Prostate cancer is the most common solid tumor in men, with an incidence of nearly 192,000 cases and nearly 30,000 deaths in the United States annually. Accurate staging of a patient with prostate cancer is critical for selection of appropriate treatment strategies, especially as applied to differentiating between those with localized or regional disease who can be treated with curative intent and those with metastatic disease. Whether surgery, radiation, and systemic hormone therapy or chemotherapy are appropriate for a given patient is driven largely by the clinical stage (1). According to the recently updated National Comprehensive Cancer Network guidelines, 99mTc-phosphonate bone scintigraphy (bone scanning) and CT or MRI remain the standard imaging modalities for prostate cancer staging.
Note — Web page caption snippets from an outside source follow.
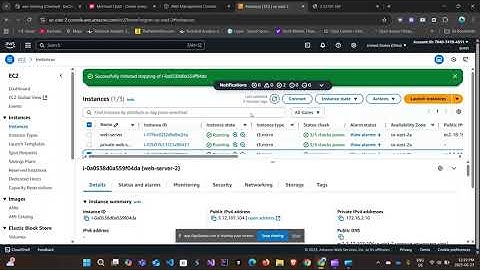 Elastic IP address demo part 1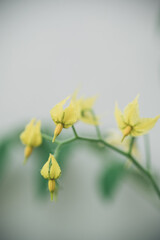 Beautiful tomato flowers blossom in a garden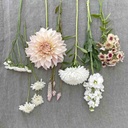 Mix Ivory Symphony 6x flowerseeds
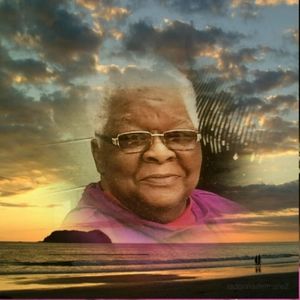 Meet your Posher, Annie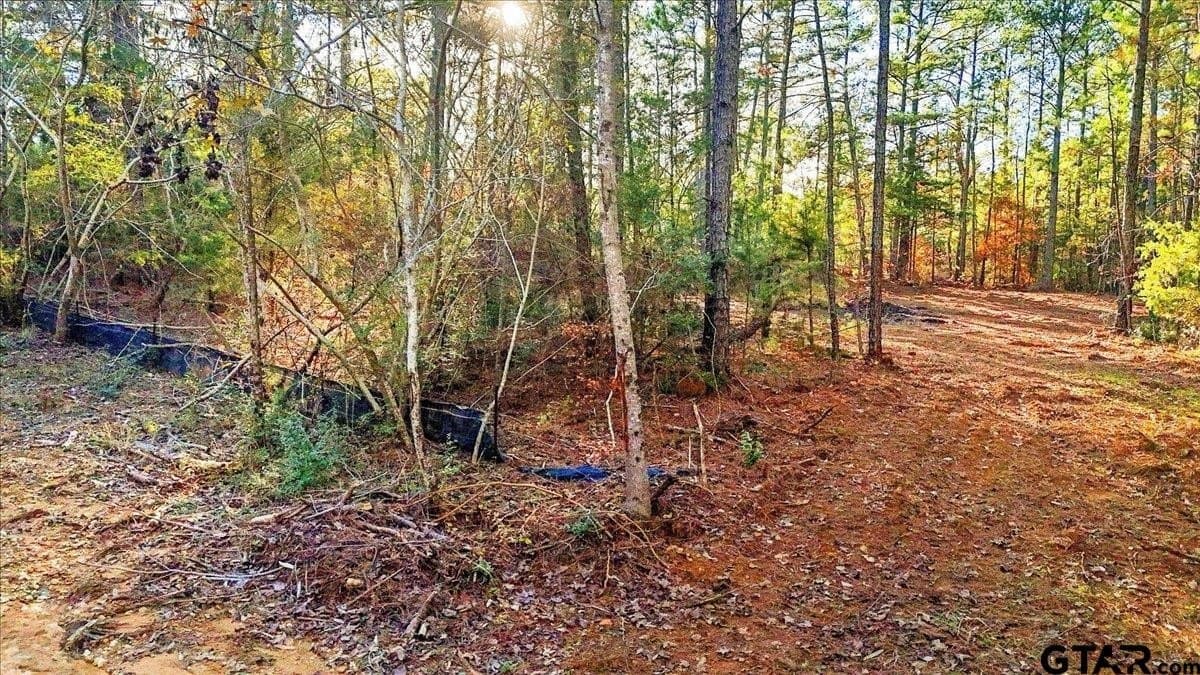 2.02 acres in Smith County - photo 27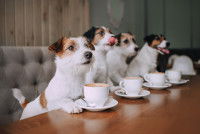 Quatre petits chiens assis devant des tasses de café dans un bar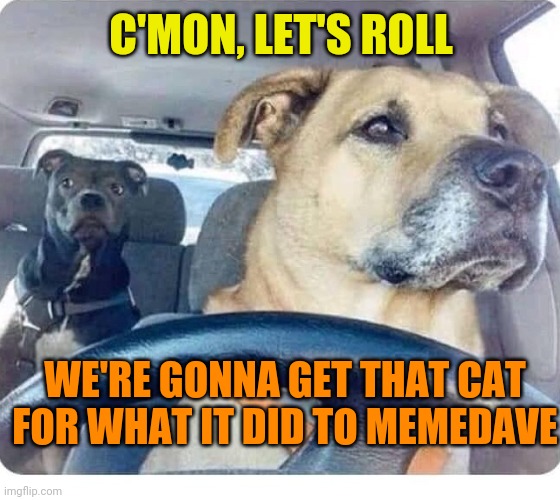 Dog driving | C'MON, LET'S ROLL WE'RE GONNA GET THAT CAT FOR WHAT IT DID TO MEMEDAVE | image tagged in dog driving | made w/ Imgflip meme maker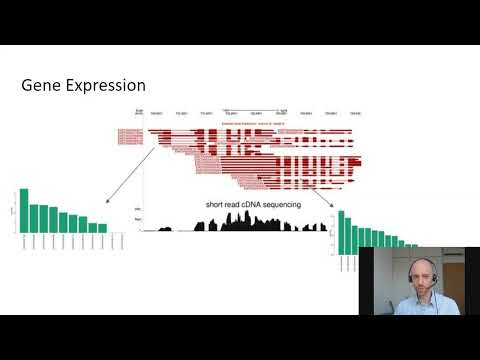 Studying Promoter and Isoform Diversity with Long Read Transcriptome Sequencing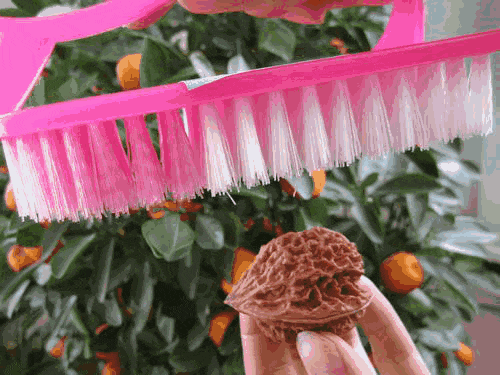 华佗五禽戏_用什么洗澡可以减肥_古代减肥方法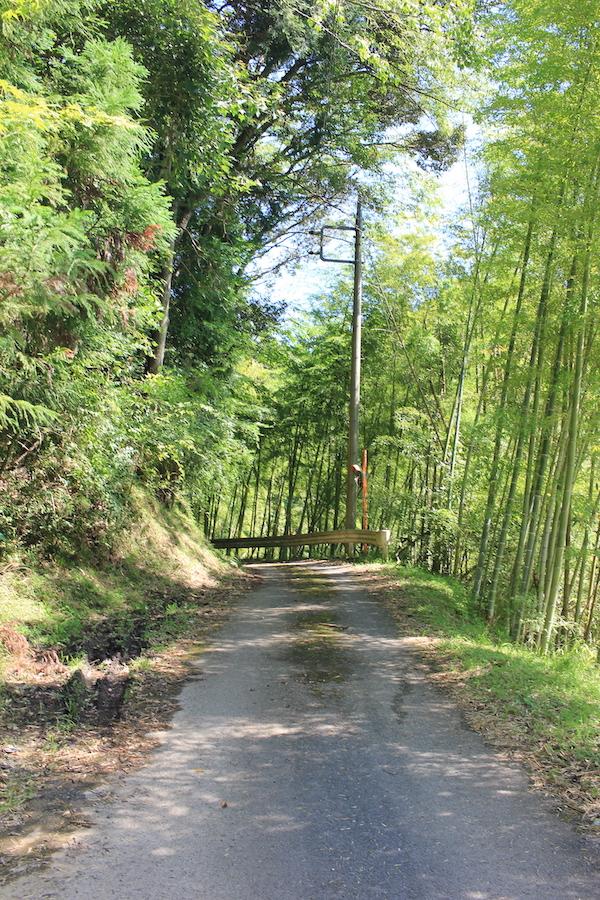 千葉県夷隅郡大多喜町田代の売買物件/前面道路南側の様子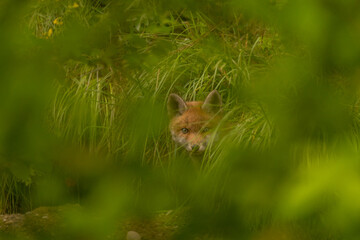 Fox cub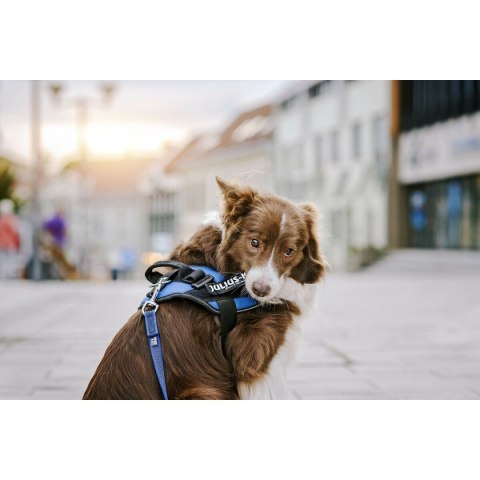 Etykiety na uprząż Julius K9 DON'T TOUCH S Biały Czarny (2 Sztuk)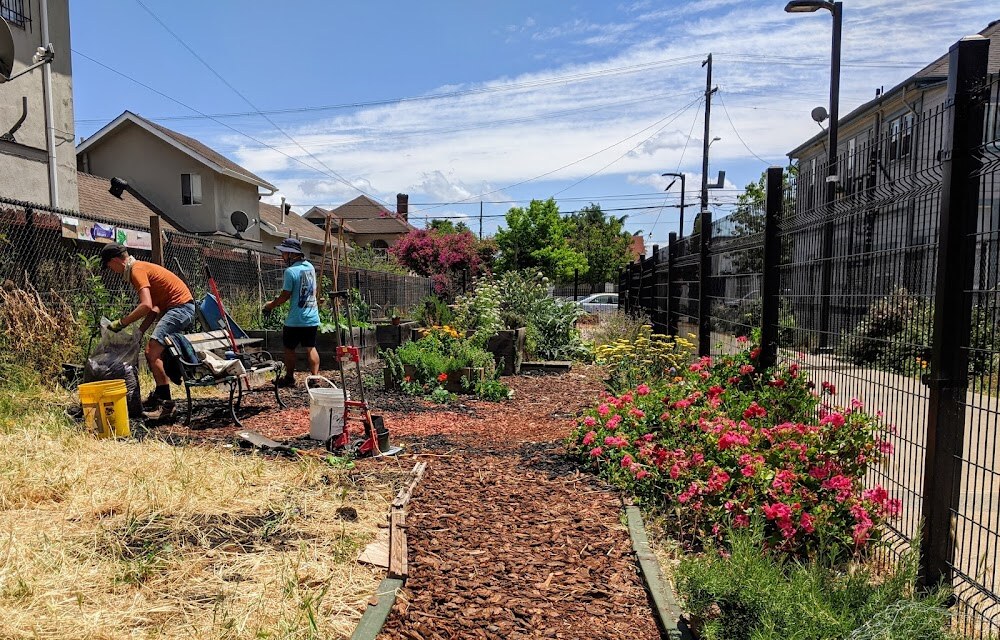 Cesar Chavez Community Garden photo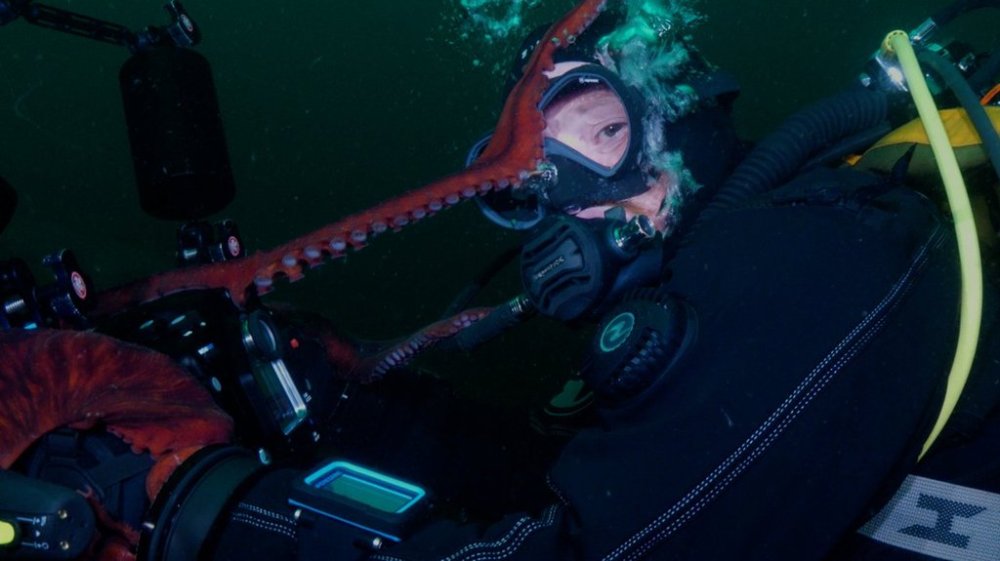 Diver Chris Mullen is seen in this still image from video being embraced by a giant Pacific octopus after it seized the camera from his diving partner, underwater videographer John Roney, off Vancouver Island on Tuesday, Aug. 5, 2025. THE CANADIAN PRESS/Handout - John Roney (Mandatory Credit)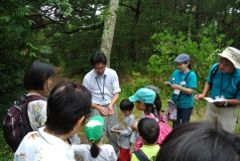 B_君ヶ浜林縁_糟谷10Ed2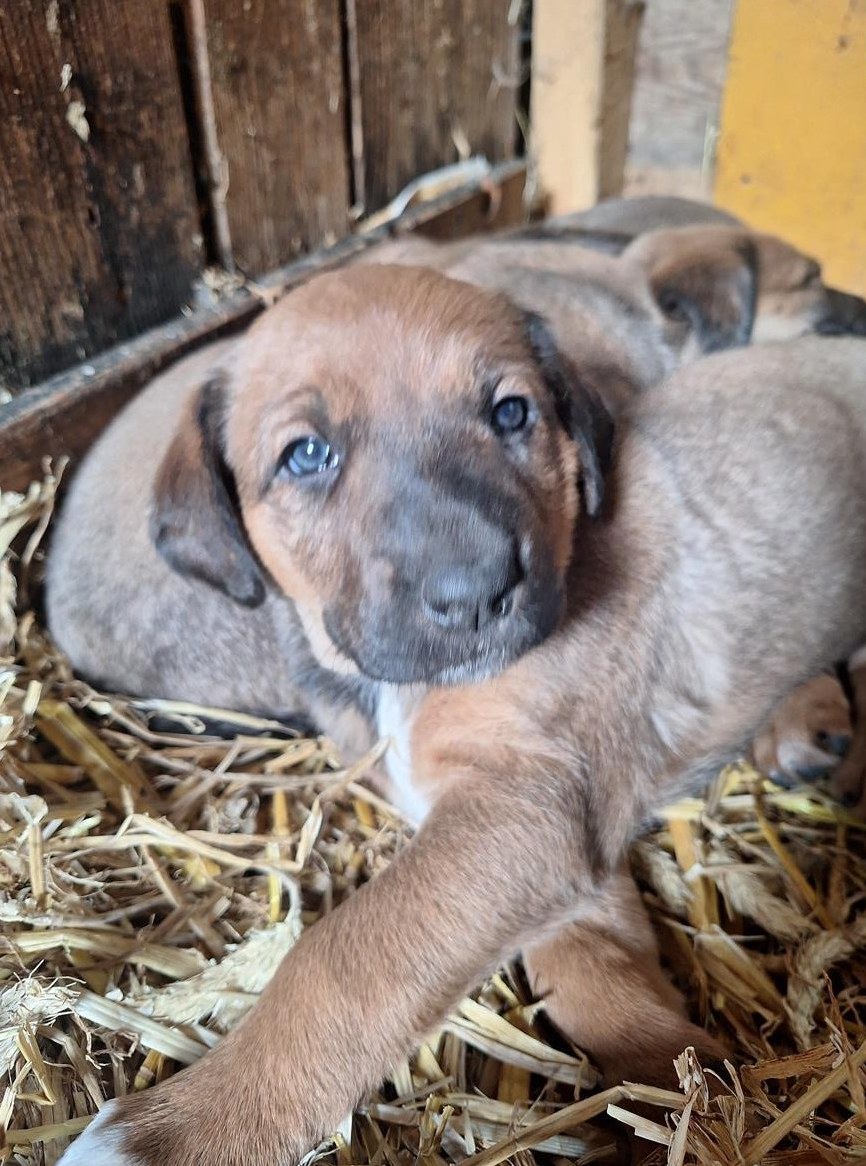 Rhodesian Ridgeback x Sennenhund Mischlingswelpen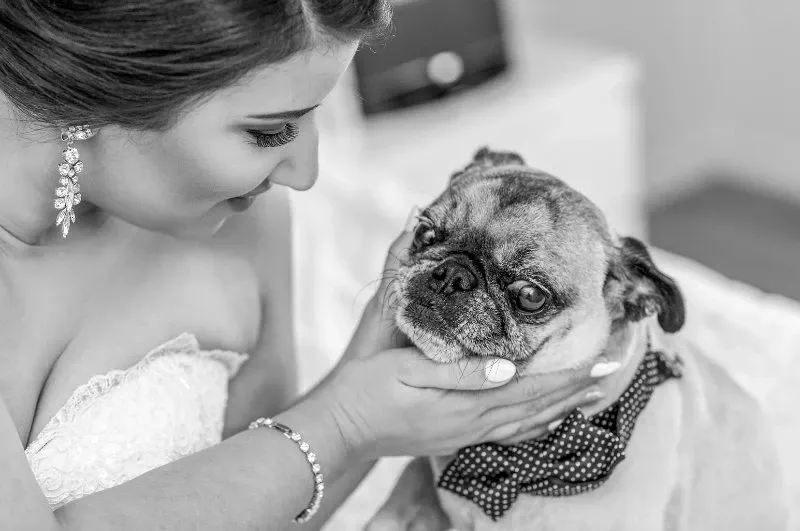 In this black and white image by Guy Chan Chive Photography, categorized under wedding photography for Mariage Elegant, Canada, a bride dressed in a strapless lace wedding gown is tenderly holding a small dog. The bride, wearing sparkling drop earrings, gazes affectionately at the pug dressed in a polka dot bow tie. They are both captured in a serene and joyful pre-wedding preparation moment, highlighting the intimate bond shared on this special day.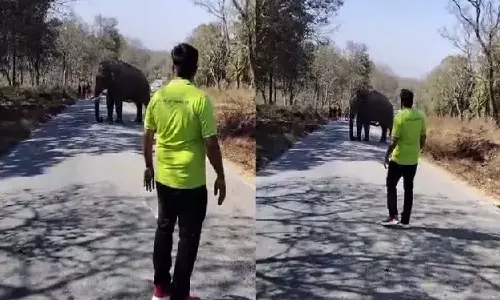 காட்டு யானையை வீடியோ எடுத்து தொந்தரவு செய்த நபருக்கு ரூ.25,000 அபராதம் விதித்த வனத்துறை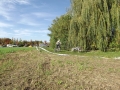 DSCF6663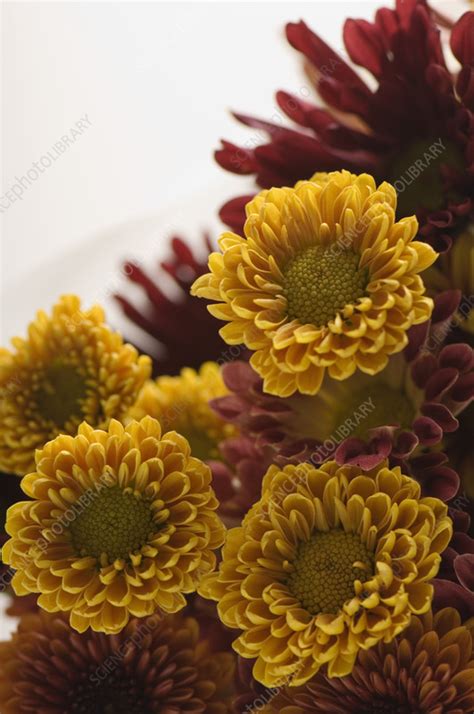 Chrysanthemum Chrysanthemum X Morifolium Flowers Stock Image C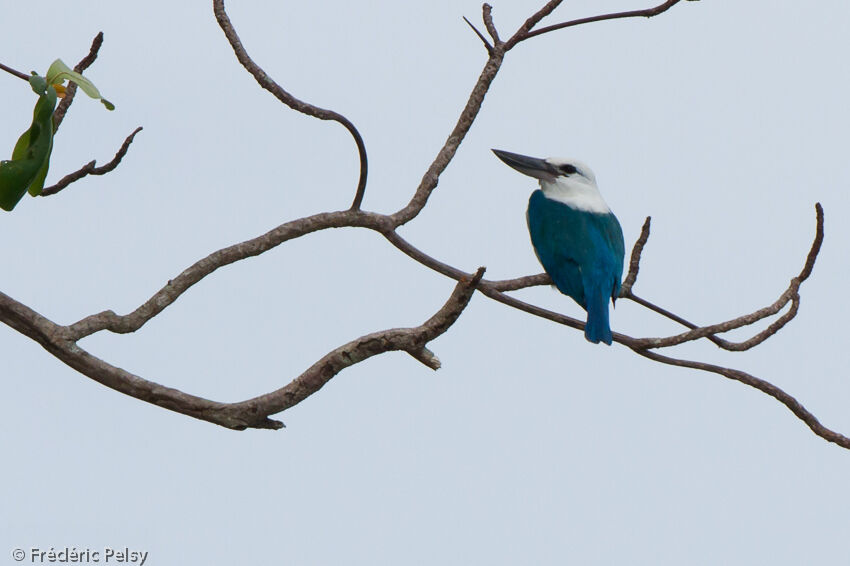 Beach Kingfisheradult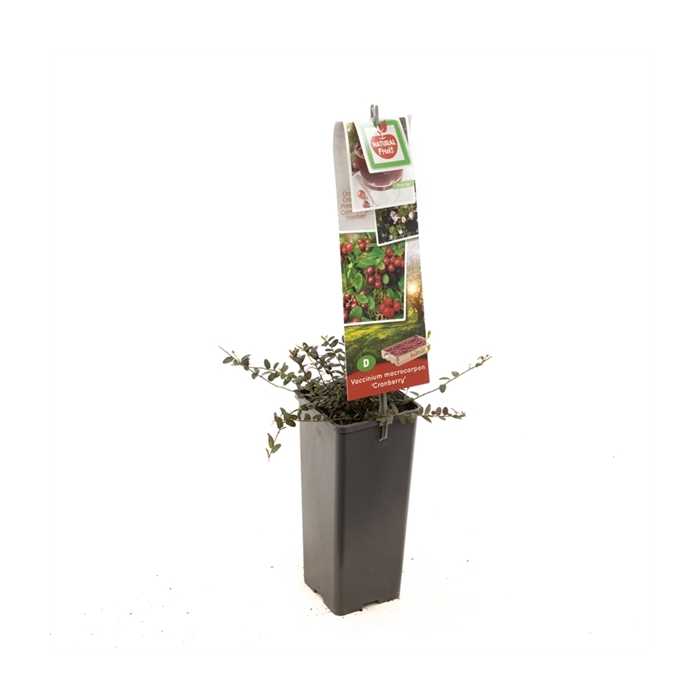 <h4>Vaccinium macrocarpon Cranberry Cranberry</h4>
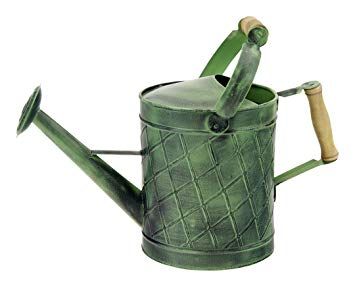 Patina Watering Can Green Metal 2gal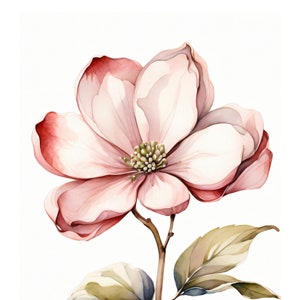 Hartriegel Im Aquarell Stil | Schöne Karte | Geschenkkarte Mit Umschlag | Liebe Grüße Senden | Natur Motiv | Freude Schenken | 400g Papier
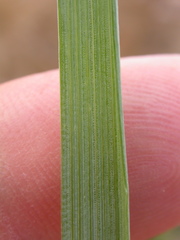 Festuca kingii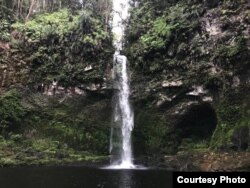 Salah satu surga tersembunyi di dalam kawasan hutan Batang Toru yakni air terjun Aek Bulu Poltak, 12 Maret 2019. (Anugrah Andriansyah)
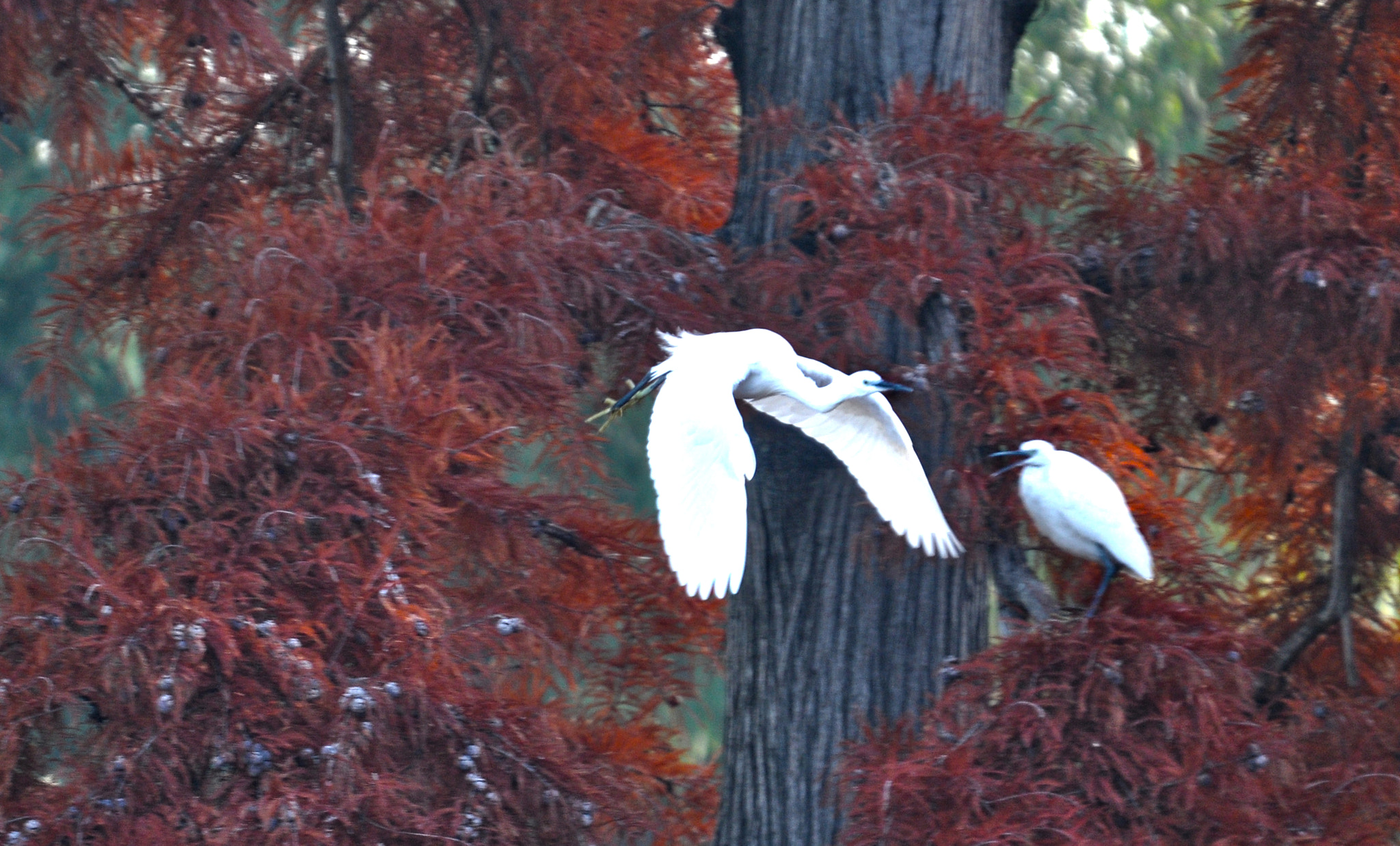 Sigma 120-400mm F4.5-5.6 DG OS HSM sample photo. Aironi photography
However, bone and CT scans have demonstrated limited diagnostic accuracy in earlier disease settings (2,3), in turn limiting the accurate staging necessary for optimal prostate cancer management.
Accurate detection of metastatic disease is a particularly important goal because metastatic prostate cancer requires a different treatment approach and carries a significantly worse prognosis than local disease. PET is a noninvasive technique that can image bone and soft tissue in a single modality, evaluate high-grade tumors that may not produce prostate-specific antigen (PSA), and provide quantifiable data using the SUV. However, in prostate cancer, PET tracers that image metabolic pathways, such as 11C-choline, 11C-acetate, and 18F-FDG, suffer from suboptimal sensitivity and specificity in the detection of regional and distant metastatic disease. Recently, small ligands for PET imaging have been developed that target the cell-surface protein prostate-specific membrane antigen (PSMA), which is overexpressed in prostate cancer cells but is also expressed to some extent in other organs and blood vessels (4). Radiopharmaceuticals based on PSMA ligands have demonstrated high diagnostic accuracy for the detection of both regional and distant metastatic prostate cancer. The proPSMA trial demonstrated that PSMA PET/CT has greater staging accuracy than conventional imaging consisting of bone scanning and CT for initial staging of patients with high-risk prostate cancer (5). This supports the use of a single PSMA PET/CT scan rather than 2 conventional imaging modalities in this setting.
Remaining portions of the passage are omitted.